◆ **GOAL OF THE EXERCISE**: In the entries below, find the line with "2019年6月12日，香港立法会外，一名抗议者坐在防暴警察面前。" and print exactly every line from there up to and including the line with "White kitchen framed cabinets with island", with no other lines.

◆ **DATA SECTION**:

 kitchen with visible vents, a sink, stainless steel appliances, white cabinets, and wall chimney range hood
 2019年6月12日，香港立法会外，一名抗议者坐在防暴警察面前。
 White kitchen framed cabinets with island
* * *
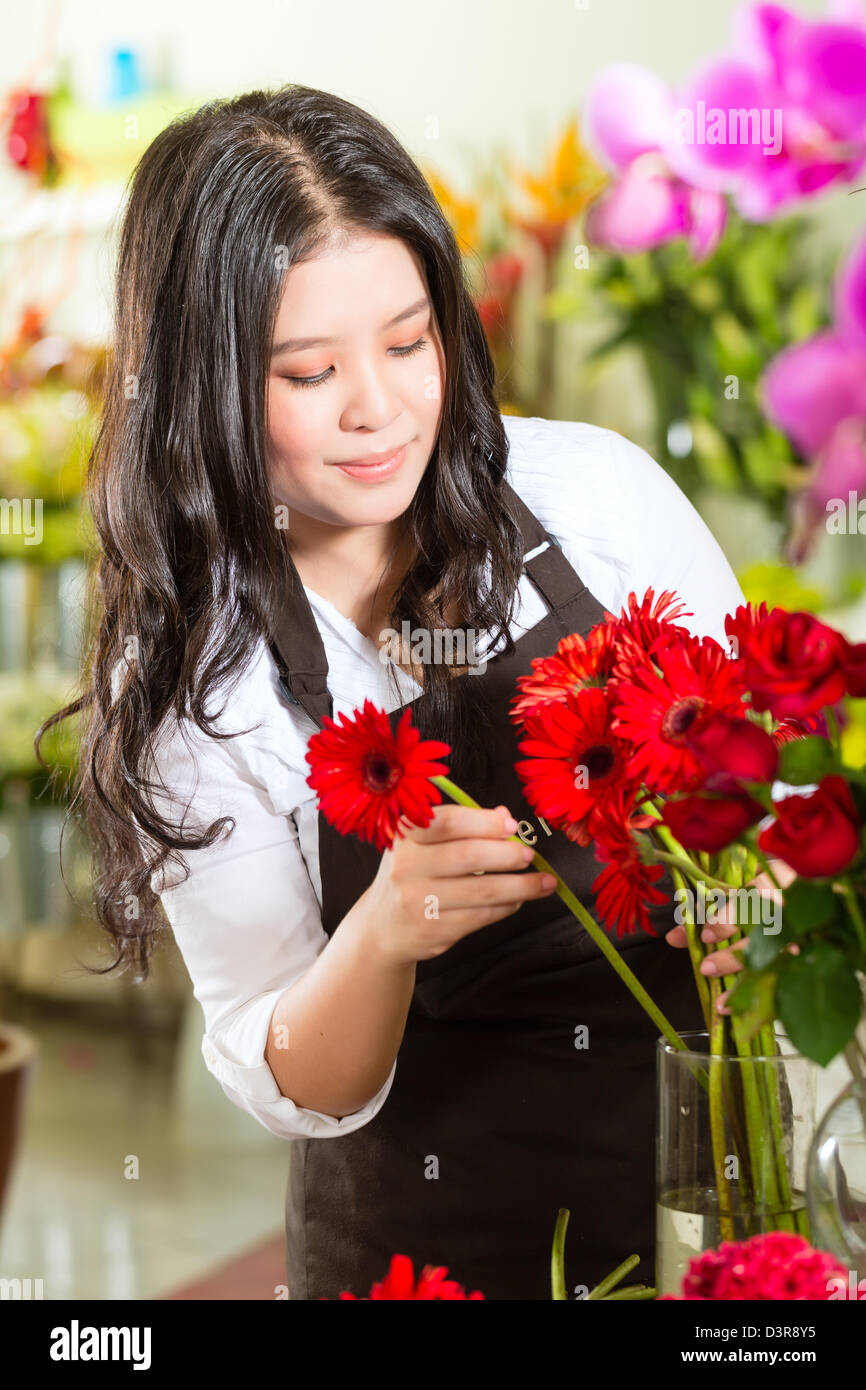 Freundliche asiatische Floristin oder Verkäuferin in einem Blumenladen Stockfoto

◆ **EXERCISE ANSWER**:
 2019年6月12日，香港立法会外，一名抗议者坐在防暴警察面前。
 White kitchen framed cabinets with island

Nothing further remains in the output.